Taxation authorities
The Australian Taxation Office (ATO) is the federal authority responsible for overseeing and enforcing federally imposed taxes. The federal Commissioner of Taxation makes decisions and gives opinions on federal tax laws.

The principal direct tax is income tax, which is levied by the federal government and administered by the Federal Commissioner of Taxation, who is responsible for the operation of the ATO. The main laws governing income tax are the Income Tax Assessment Act 1936 (Cth), the Income Tax Assessment Act 1997 (Cth) and the Taxation Administration Act 1953 (Cth).

Each state and territory also has its own taxation oversight body:

State Taxation body
New South Wales Revenue NSW
Queensland Office of State Revenue Queensland
Victoria State Revenue Office Victoria
Western Australia Office of State Revenue Western Australia
South Australia Revenue SA
Tasmania State Revenue Office of Tasmania
Northern Territory Territory Revenue Office
Australian Capital Territory ACT Revenue Office

Business structures
Determining the residency status of a business vehicle is essential in understanding how Australian taxation law will apply to that individual or entity. A non-resident can carry out business in Australia through an Australian resident entity or a foreign entity, though different processes for registration and reporting will apply depending on the choice.

A company is an Australian resident for tax purposes if it is incorporated in Australia. A company will also be considered to be resident in Australia if it carries on business in Australia and either (i) its central management and control is in Australia or (ii) its voting power is controlled by shareholders resident in Australia.

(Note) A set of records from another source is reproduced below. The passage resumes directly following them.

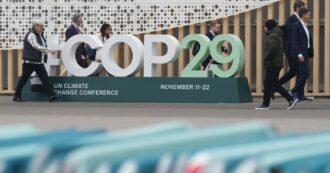 Copertina di Cop29 sul clima, tra chi punta i piedi sul fossile ai contentini sui fondi: la battaglia per trovare un accordo (che rischia di saltare)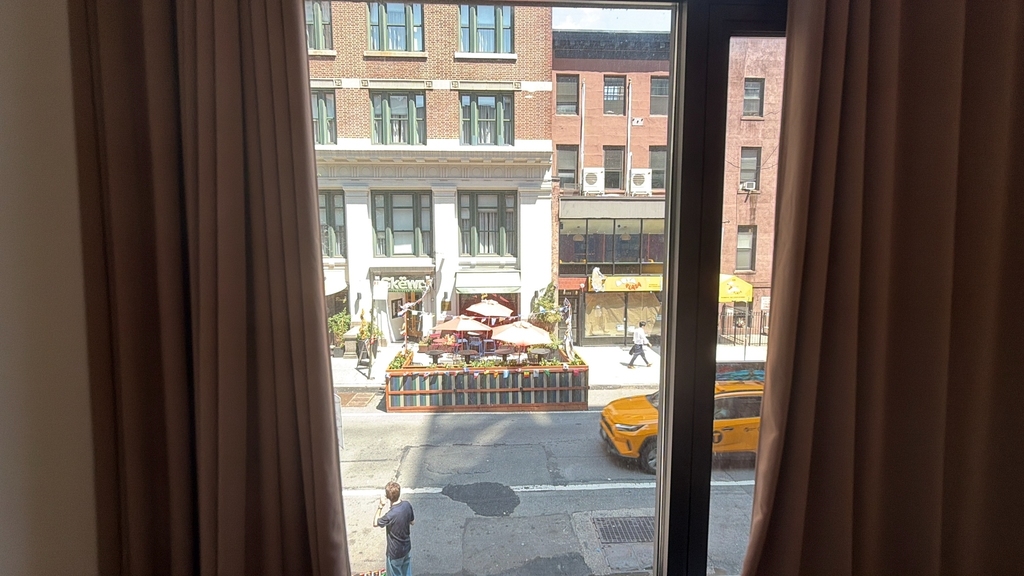East 27th Street - Photo 9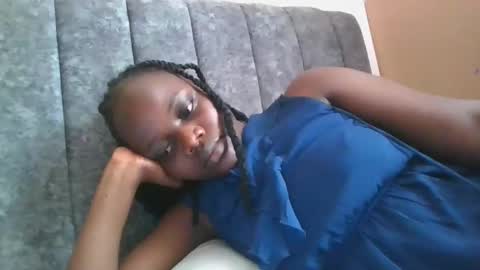 Snapshot of ebony_tasha chatting on February 18, 11:50 am tasha online show from February 18, 11:50 am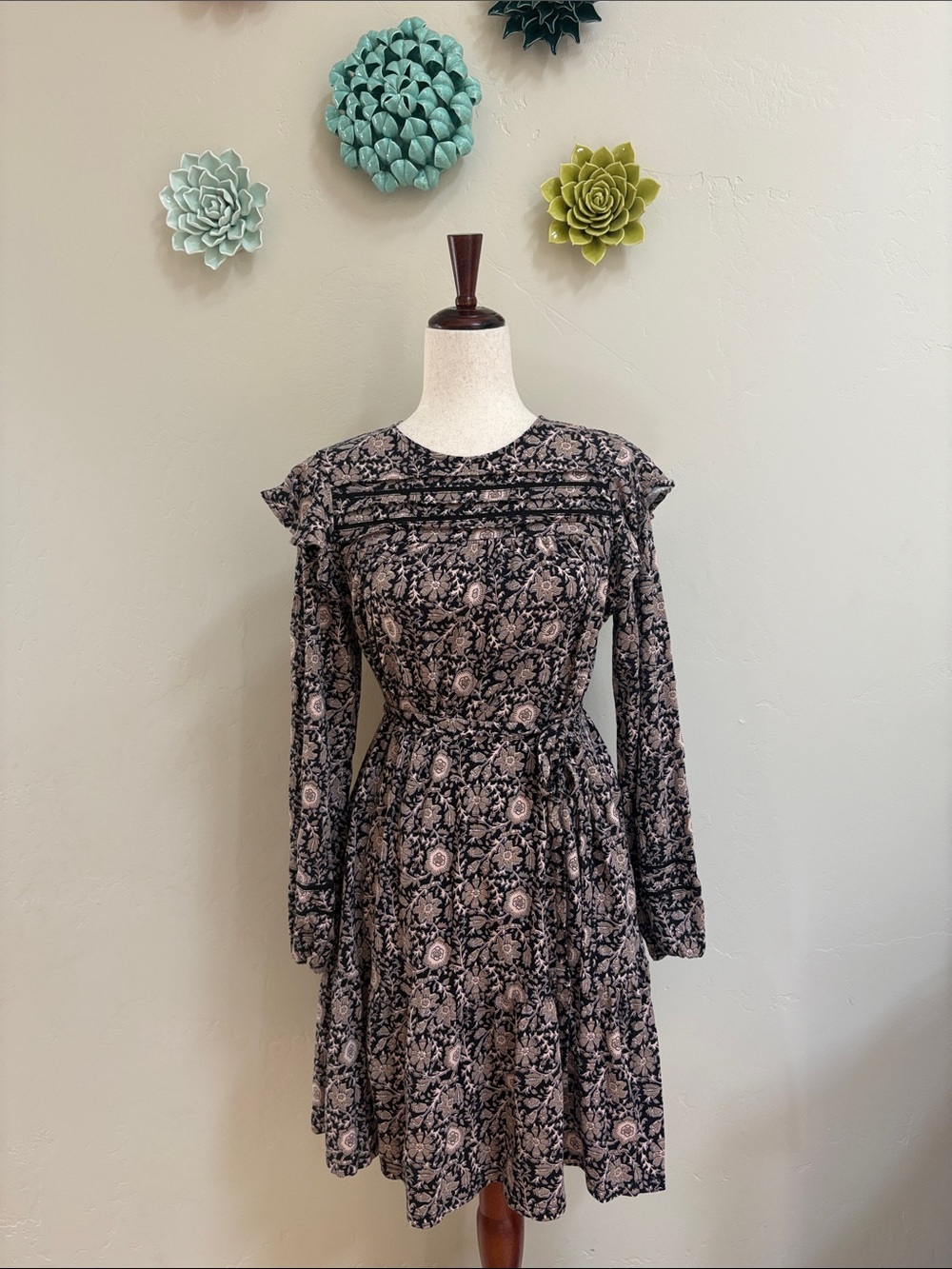 Boden Floral Long-Sleeve Ruffle tiered Dress in Black and Blush 8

As a general rule, if the company’s directors usually carry on business and make decisions in Australia, the residence test will be satisfied. Again, residency is a question of fact decided in each case by reviewing the company’s business or trading activities.

Companies can be either proprietary or public companies. The types of companies that can be established include those limited by guarantee, limited by shares, unlimited with share capital or having no liability (this last only applies to certain mining companies).

Alternatively, a foreign entity can also register an Australian branch, rather than incorporating an Australian subsidiary company.

A partnership is an association of people who carry on business together, and can be with up to 20 people. Partnerships can be either general or limited, and are governed by state or territory legislation. Members of the partnership are personally liable for the debts of the partnership.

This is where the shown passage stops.